Using our pre-determined 5% cut off, 252 of 306 larval samples obtained during this study from the Lizard Island reef platform were identified to species. Of the 32 species of stomatopod previously morphologically identified from the Lizard Island reef platform 20 species are represented by COI sequences from morphologically identified adults and 18 have been genetically identified from larvae (Supplementary Table S1).
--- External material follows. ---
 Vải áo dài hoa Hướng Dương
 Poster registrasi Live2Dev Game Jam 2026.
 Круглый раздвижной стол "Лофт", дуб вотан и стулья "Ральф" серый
An additional nine OTUs were identified using 47 larval sequences, possibly representing undescribed stomatopod diversity that was missed through only sampling adults. One of these clades (G1) is within the gonodactyloids, with the remaining clades split between the lysiosquilloids (L1–L4) and the squilloids (S1–S4) (Fig. 1a). Clades L1 and S2 both contained over 10 larval sequences collected over multiple years. The remaining seven larval sequences did not cluster with any other sequences. Counting included reference sequences and without splitting sequences published as the same species into multiple putative species, our analysis gives a total of 44 putative species based on genetic data alone.
PTP analysis resulted in 62 putative species delimitations with varying support, 14 of which contained a single larval sequence with no reference sequences. Several species which contained multiple reference sequences were divided into two, three, or even four putative species (Table 1). Clades L1–L3 and S1–S4 which contained no adult reference sequences were supported by the PTP analysis while clades G1 and L4 were divided into two putative species each containing a single sequence.
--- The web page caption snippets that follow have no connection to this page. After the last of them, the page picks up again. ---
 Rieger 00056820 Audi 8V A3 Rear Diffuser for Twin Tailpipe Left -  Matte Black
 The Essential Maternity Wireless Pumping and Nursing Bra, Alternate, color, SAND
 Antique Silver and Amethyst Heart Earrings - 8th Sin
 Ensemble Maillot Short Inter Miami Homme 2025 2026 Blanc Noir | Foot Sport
ABGD analysis resulted in a recursive partition of 44 distinct clusters for both JC69 and K80 with a prior intraspecific divergence value 0.03 and above. These partitions matched our designations when using a 5% cut off for all clades with the exceptions of G. chiragra (containing 3 sequences) which was split into two clusters with a published sequence in each, a division which matched PTP results, and G. smithii in which one published sequence (DQ440603) was split into a new cluster along with a larval sequence (MK397448). In addition, ABGD analysis grouped H. trispinosa and H. glyptocercus together and combined clade L4 (containing 2 sequences) with P. litoralis.
The number of putative species designated by PTP analysis did not perfectly match the clusters found by ABGD at any prior value. A prior distance of 0.0024 resulted in a recursive partition of 71 distinct clusters while increasing the prior distance to 0.0029 resulted in a recursive partition of 55 clusters for both JC69 and K80.
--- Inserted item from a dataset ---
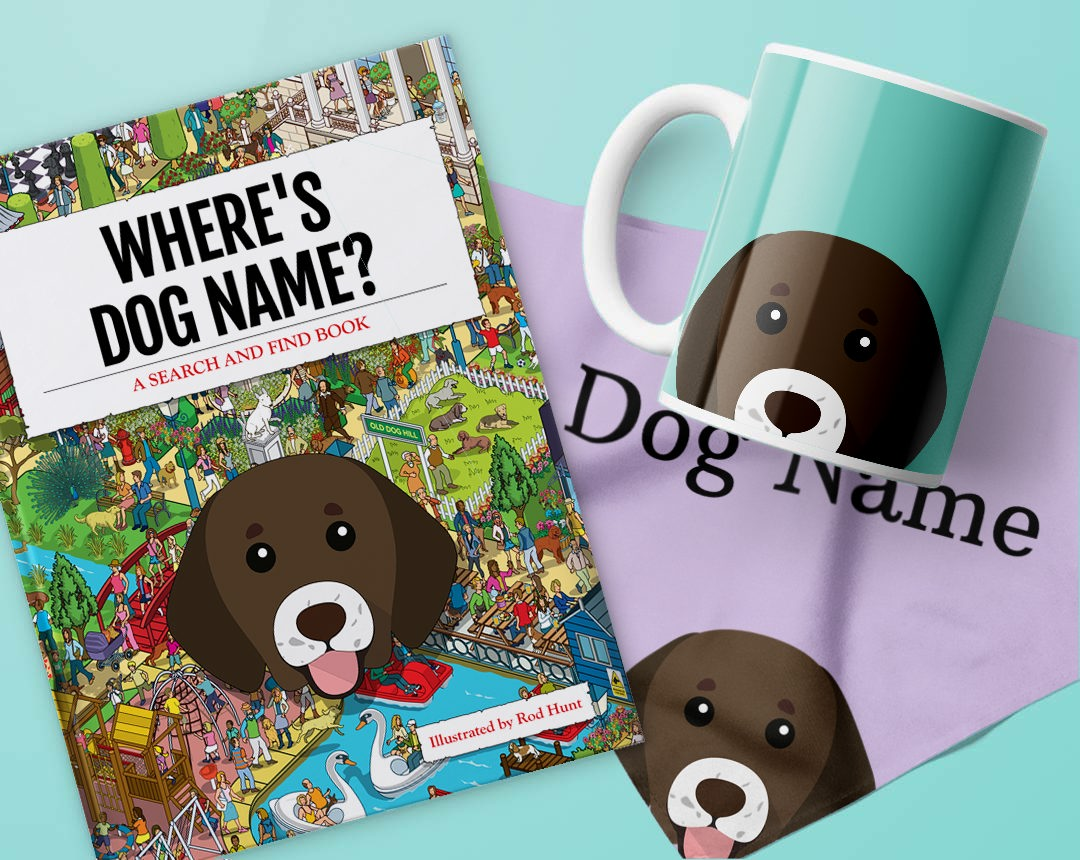 Book, Bandana and Mug personalised gifts with dog names & icon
There is genetic structure within the identified stomatopod OTUs at many levels. The G. falcatus clade, for example, contains a majority of sequences within 3% divergence of each other. It also contains two sequences, from species which are now synonymous with G. falcatus, (e.g. Gonodactylus mutatus and Gonodactylus aloha), which are over 98% similar to each other yet only about 95% similar to all other G. falcatus sequences. This pattern is amplified in small clades such as Gonodactylus smithii and Gonodactylus chiragra. These clades have maximum percent divergences which are much higher than 5% caused by published sequences which are divergent from each other (Table 1). This creates two separate clades, supported by PTP analysis, both with sequences published as the same species.
For four species of stomatopod found at Lizard Island, Gonodactylellus affinis, Lysiosquillina maculata, Pseudosquillana richeri and Pullosquilla litoralis, DNA has only been extracted from individuals captured as larvae. Of these species all but P. richeri have been morphologically identified from the area as adults and all have published COI sequences available from other regions. Though only larval specimens of G. affinis and P. litoralis were collected from Lizard Island, we are confident in their identification since these sequences exhibit under 4% sequence divergence to adult references captured elsewhere. L. maculata larvae were allowed to grow to the juvenile stage when adult characteristics appear and were identified morphologically before preservation. One larval sequence (MT179665) matched most closely to a species which was not previously collected at Lizard Island, Busquilla plantei.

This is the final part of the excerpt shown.